**INSTRUCTIONS FOR THE TASK:** Of the lines in the material below, print only those from the one containing "Used 2019 Ford" to the one containing "Foto del edificio - 6922 Clee Ln", ends included, exactly as written and without pictures.

[RECORDS PROVIDED]

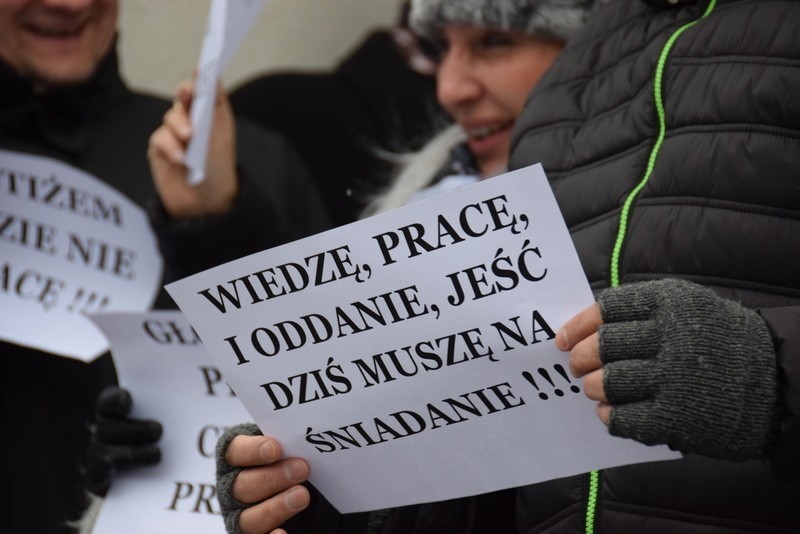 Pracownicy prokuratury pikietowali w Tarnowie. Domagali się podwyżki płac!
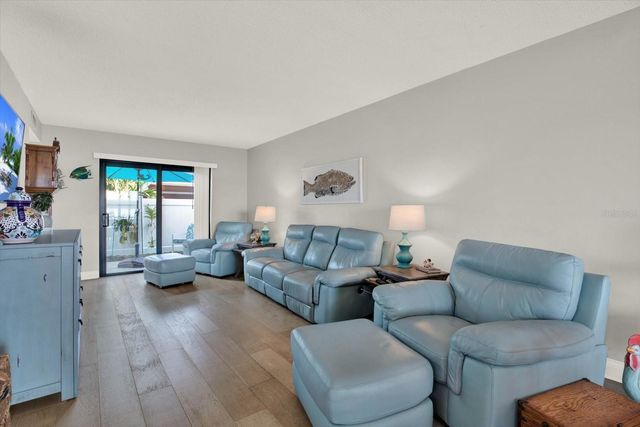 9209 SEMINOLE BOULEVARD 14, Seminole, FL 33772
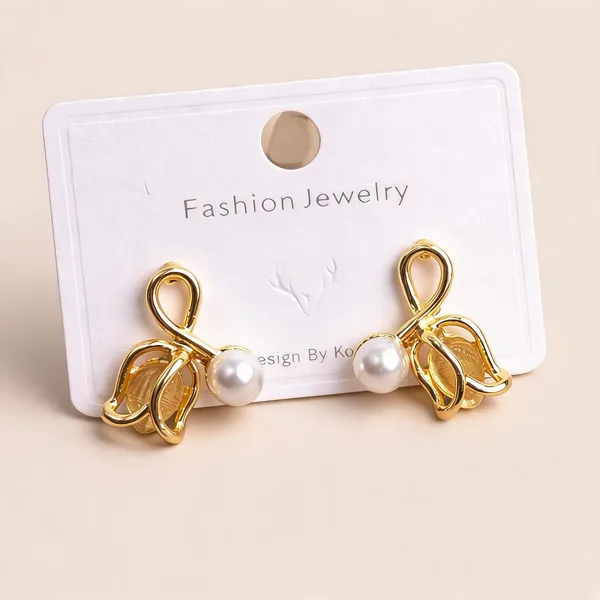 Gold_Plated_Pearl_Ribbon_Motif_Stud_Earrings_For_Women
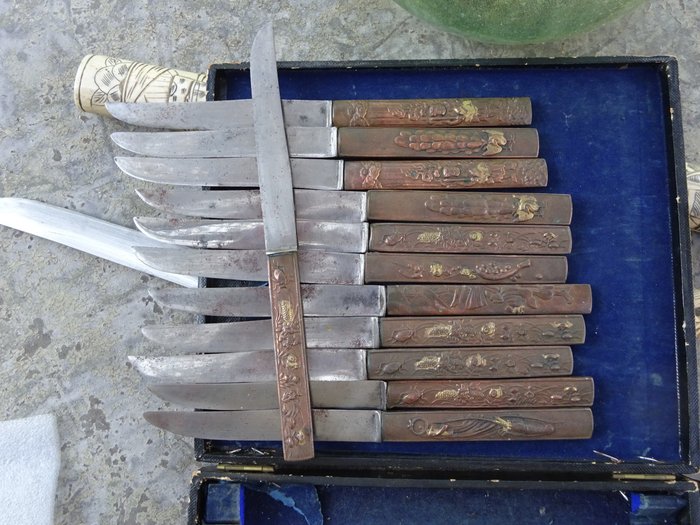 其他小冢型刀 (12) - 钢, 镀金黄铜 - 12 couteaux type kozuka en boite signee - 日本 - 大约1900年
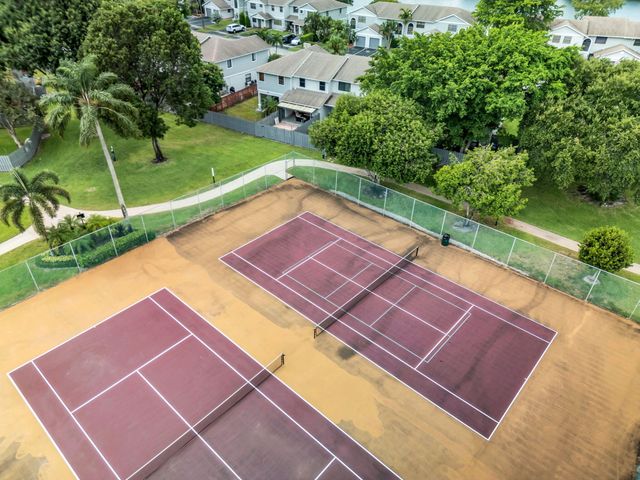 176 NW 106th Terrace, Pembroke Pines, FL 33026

[/RECORDS PROVIDED]
[RECORDS PROVIDED]

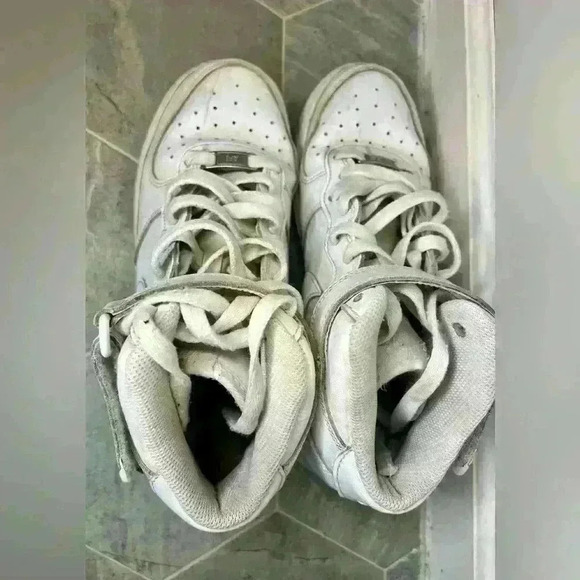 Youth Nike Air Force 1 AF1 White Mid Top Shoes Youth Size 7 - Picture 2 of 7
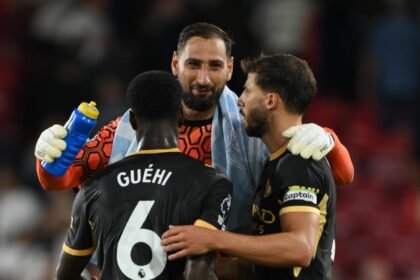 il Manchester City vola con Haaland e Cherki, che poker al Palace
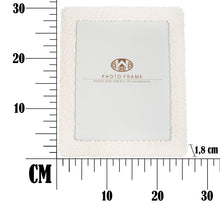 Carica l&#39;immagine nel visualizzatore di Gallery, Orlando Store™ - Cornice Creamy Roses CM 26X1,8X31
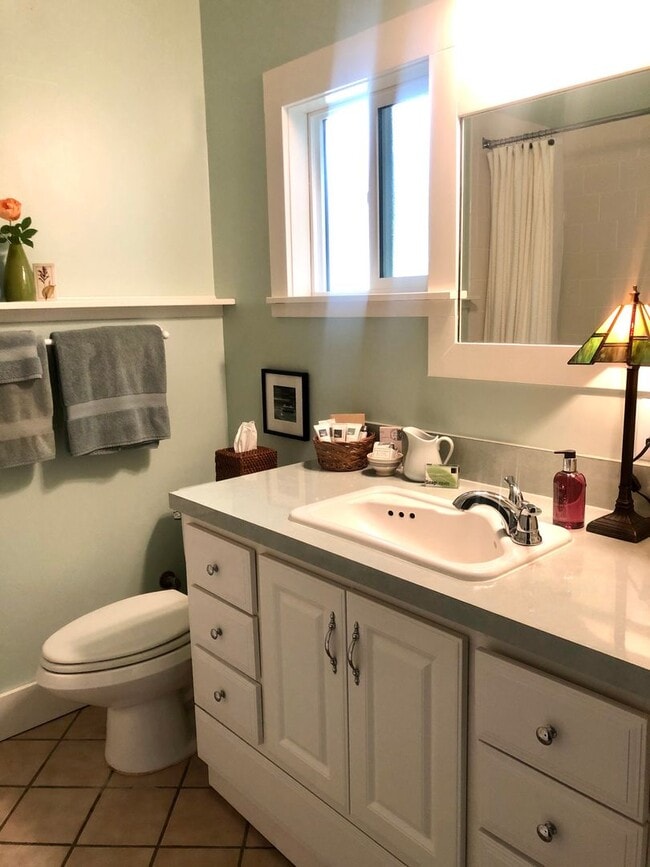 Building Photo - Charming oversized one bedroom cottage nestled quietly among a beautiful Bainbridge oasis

[/RECORDS PROVIDED]
[RECORDS PROVIDED]

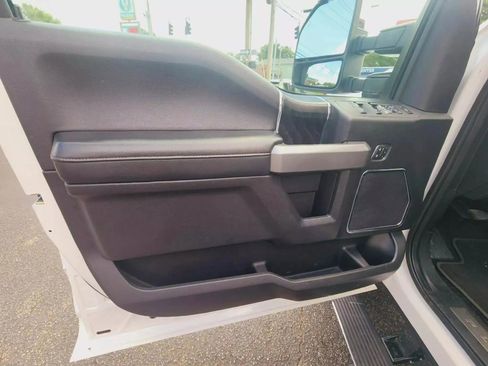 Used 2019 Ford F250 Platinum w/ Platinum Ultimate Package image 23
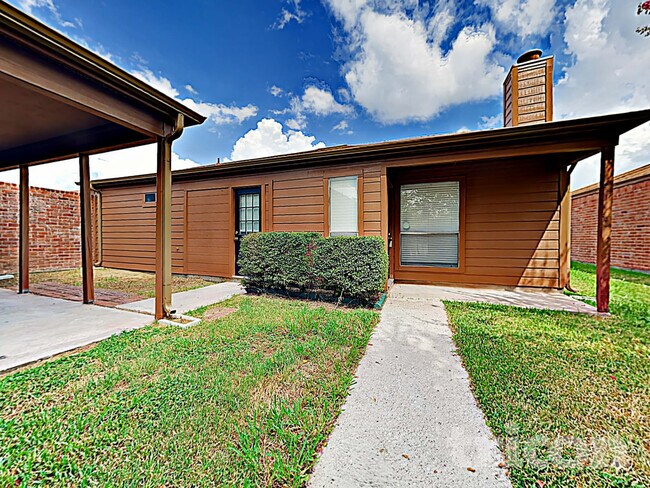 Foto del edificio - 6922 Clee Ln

[/RECORDS PROVIDED]

**EXERCISE RESULT:**
 Used 2019 Ford F250 Platinum w/ Platinum Ultimate Package image 23
 Foto del edificio - 6922 Clee Ln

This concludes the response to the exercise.